_Exercise aim:_ In the records below, find the line that contains "Asian Home Gourmet" and the line that contains "capsule champagne Nom", then retype exactly those two lines and every line between them.

---------- Records to process

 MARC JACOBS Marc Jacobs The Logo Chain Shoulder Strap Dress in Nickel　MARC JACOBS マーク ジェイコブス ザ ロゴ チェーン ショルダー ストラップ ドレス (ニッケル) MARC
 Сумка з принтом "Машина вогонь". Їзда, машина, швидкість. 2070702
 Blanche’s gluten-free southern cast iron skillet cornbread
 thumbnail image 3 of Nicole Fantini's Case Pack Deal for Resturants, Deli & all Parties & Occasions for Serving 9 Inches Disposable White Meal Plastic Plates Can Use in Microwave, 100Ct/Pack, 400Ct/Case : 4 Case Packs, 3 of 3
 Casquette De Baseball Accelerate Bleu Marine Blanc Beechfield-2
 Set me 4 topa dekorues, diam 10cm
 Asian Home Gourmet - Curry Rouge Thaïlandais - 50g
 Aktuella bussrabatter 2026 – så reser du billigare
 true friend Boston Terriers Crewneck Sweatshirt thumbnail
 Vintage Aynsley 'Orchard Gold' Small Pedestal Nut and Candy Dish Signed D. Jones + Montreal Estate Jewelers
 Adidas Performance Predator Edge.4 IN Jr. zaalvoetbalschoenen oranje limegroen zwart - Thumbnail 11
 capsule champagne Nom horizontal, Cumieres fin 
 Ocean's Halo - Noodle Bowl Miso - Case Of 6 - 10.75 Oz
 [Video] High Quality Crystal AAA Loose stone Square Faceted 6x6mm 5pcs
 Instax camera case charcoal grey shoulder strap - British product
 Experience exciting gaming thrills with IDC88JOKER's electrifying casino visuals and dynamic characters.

--------------------

_Your solution:_
 Asian Home Gourmet - Curry Rouge Thaïlandais - 50g
 Aktuella bussrabatter 2026 – så reser du billigare
 true friend Boston Terriers Crewneck Sweatshirt thumbnail
 Vintage Aynsley 'Orchard Gold' Small Pedestal Nut and Candy Dish Signed D. Jones + Montreal Estate Jewelers
 Adidas Performance Predator Edge.4 IN Jr. zaalvoetbalschoenen oranje limegroen zwart - Thumbnail 11
 capsule champagne Nom horizontal, Cumieres fin 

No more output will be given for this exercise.